PLSA deputy director of policy, Joe Dabrowski, explained: “We believe that this risks diluting an important protection for AE savers, without sufficient evidence at this time to demonstrate a change is needed or higher fees will improve member outcomes.
“Given the various other developments in this area over the past year – including the introduction of a mechanism to ‘smooth’ the calculation of performance fees over five years, and the introduction of a new fund framework to help investors make long-term investments – industry needs time to implement, develop and review their effectiveness before making further changes.
“The underlying structural dynamics of the current AE market are also unlikely to result in the proposed changes succeeding in its intended goal."
These concerns were echoed by Isio senior DC investment consultant, Jenny Roe, who warned that the proposals to remove performance-based fees from the charge cap seemed to be “a reactive" and "imperfect fix to a problem requiring a more radical solution”.
She explained: “We acknowledge that investment in illiquid asset classes by DC pension schemes is currently hampered, however removing performance related fees won’t move the needle on illiquid allocations.
“There are bigger obstacles around fund structures, complexity and lack of available funds on DC platforms which need a more radical solution.
“Removing performance fees from the charge cap also has the potential to dilute member protections, making charges much less transparent.
“There’s a real risk that providers try to hide their fees, therefore making investing in illiquid assets more attractive. Simply requiring disclosure in the Chair’s Statement, which is rarely reviewed, is not the answer.”

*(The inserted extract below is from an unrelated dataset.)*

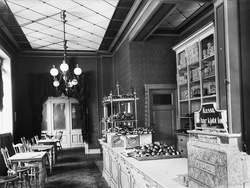 Baker Samsons utsalg og konditori i Karl Johans gate 20.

Aegon pensions director, Steven Cameron, warned that the changes could risk undermining the current simple messages around the protection members receive from the cap.
“Investing in any form of illiquids is complex, requiring detailed scenario testing of the likely additional risk, returns and costs over various time periods and allowing for changing market conditions," he said.
"Choosing investments with performance fees adds a further layer of complexity and ensuring these are well-designed will be key to ensuring members truly benefit."
Cameron also noted that DC members expect to be able to switch funds, transfer to a new scheme or access their benefits flexibly without the delay of a notice period, suggesting that this makes finding solutions to daily pricing and liquidity management of higher priority than enabling performance fees.
In addition to this, The Investing and Saving Alliance (Tisa) said that it is “crucial” that the correct support and guidance is given to governance boards, to ensure they have the necessary information to make investment decisions involving assets with performance fees attached.
“While net returns can be higher in these asset classes, there are other aspects that need to be considered from a value for money perspective,” Tisa head of retirement, Renny Biggins, commented.
“Cost remains a major factor for many decision makers when choosing an appropriate auto-enrolment investment strategy for their workforce. A potential increase in costs, irrespective of the trade-off of more stable and higher longer term net returns, may not immediately incentivise these decision-makers.
“An aim of the continued drive for better value for money within the auto-enrolment framework should therefore be to inform this group about the potential benefits of including illiquid assets within their default investment strategies."